No link—India cares more about weapon and space tech development

Wortzel & Dillon '00 (Larry M. Wortzel is a fellow at the The Kathryn and Shelby Cullom Davis Institute for National Security and Foreign Policy, Dana Robert Dillon is a senior policy analyst at the Asian Studies Center, "Improving Relations with India Without Compromising U.S. Security", Heritage, December 11,

America and India share the distinction of being the world's largest democracies. Yet relations between the two countries have been unsteady and will need executive attention if they are to improve. A major stumbling block to relations in recent years has been India's testing of nuclear weapons and its missile development program, both of which threaten regional stability. Now, as part of a program to accelerate economic modernization, India is seeking U.S. assistance to develop its commercial satellite and space launch capabilities. Although helping India to improve its economy and increasing opportunities for U.S. businesses in India are good foreign policy objectives, history has shown that there are limits to how far the United States should go in transferring sensitive technology that could be used in weapons development or ballistic missile programs. Washington should not be swayed, either by rhetoric about India's democracy and its new nuclear power status or by suggestions of increased trade, into placing India's interests before U.S. national security concerns. At the same time, the United States must recognize that India is a great emerging democracy that is redefining its identity and future goals.1 A new strategy for improving relations with India should focus on how to improve regional security by restraining nuclear proliferation and avoiding technology cooperation that could advance ballistic missile programs, as well as on how to improve trade.

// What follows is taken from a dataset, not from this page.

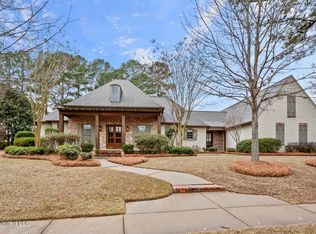 107 Cedar Woods Dr, Madison, MS 39110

During a recent visit to Washington, Indian Prime Minister Atal Behari Vajpayee spoke before the U.S.-India Business Summit, recognizing that "The United States is today India's largest trading partner. The US companies are also the largest investors in India.... We would like to deepen this relationship."2 Building on this theme when he addressed a joint session of Congress, Vajpayee said that "In the years ahead, a strong, democratic and economically prosperous India, standing at the crossroads of all the major cultural and economic zones of Asia, will be an indispensable factor of stability in the region."3 Indian officials have asked for greater cooperation in the field of satellite technology and space launches.4 Inherent in these remarks is India's desire to be seen today as strategically important to the United States. The fact that visiting Indian officials urged their American counterparts to invest in India is not surprising. India's economy grew slowly after the country gained its independence in 1947. Its formidable tariff regime and burdensome regulations stifled trade and economic development. Then, in the 1980s and 1990s, the government began opening borders to trade and emphasizing economic growth by increasing exports. India's economy began a steady and sustainable rise; however, it remains constrained by an average tariff rate of 27.2 percent.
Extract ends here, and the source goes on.